• Task to carry out: From the listing below, reproduce word for word the part that opens with the line containing "Bild: Top 3-Platzierung" and closes with the line containing "Ferdinand Kürnberger Der Amerikamüde"; reproduce nothing else.

• Data to examine:
--- --- ---

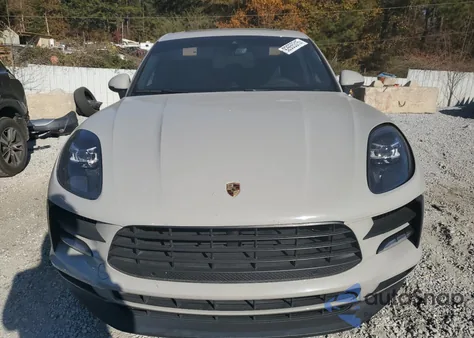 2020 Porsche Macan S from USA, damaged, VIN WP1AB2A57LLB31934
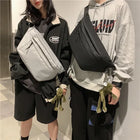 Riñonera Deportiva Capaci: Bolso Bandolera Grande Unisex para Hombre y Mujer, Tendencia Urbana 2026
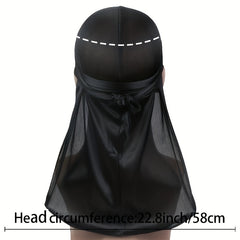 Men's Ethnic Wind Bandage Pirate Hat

--- --- ---

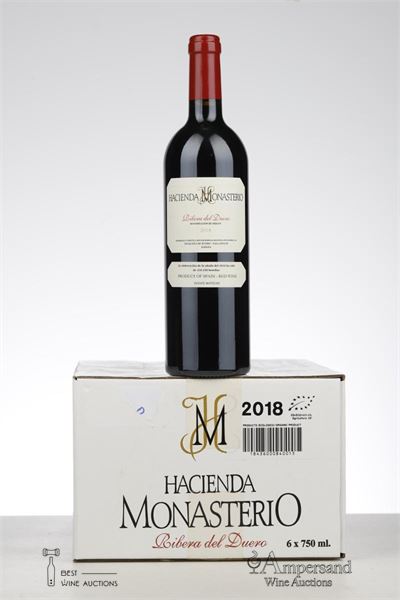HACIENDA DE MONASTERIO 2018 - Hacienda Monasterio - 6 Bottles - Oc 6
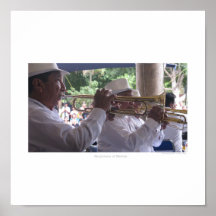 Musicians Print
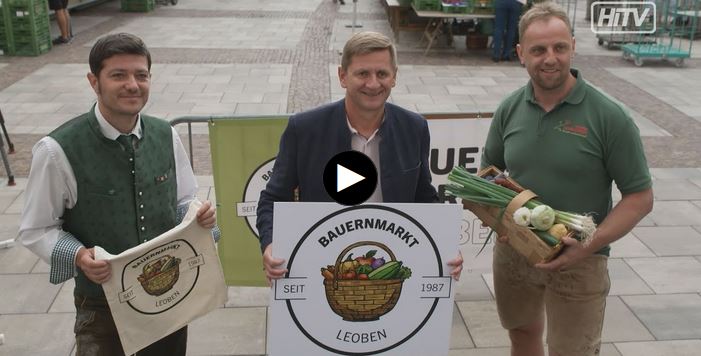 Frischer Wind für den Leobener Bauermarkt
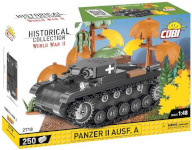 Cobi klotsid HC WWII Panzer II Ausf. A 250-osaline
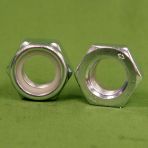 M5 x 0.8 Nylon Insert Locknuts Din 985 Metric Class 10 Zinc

--- --- ---

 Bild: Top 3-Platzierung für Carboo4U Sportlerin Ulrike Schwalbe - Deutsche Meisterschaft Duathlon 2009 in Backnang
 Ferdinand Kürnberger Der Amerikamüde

--- --- ---

• Result:
 Bild: Top 3-Platzierung für Carboo4U Sportlerin Ulrike Schwalbe - Deutsche Meisterschaft Duathlon 2009 in Backnang
 Ferdinand Kürnberger Der Amerikamüde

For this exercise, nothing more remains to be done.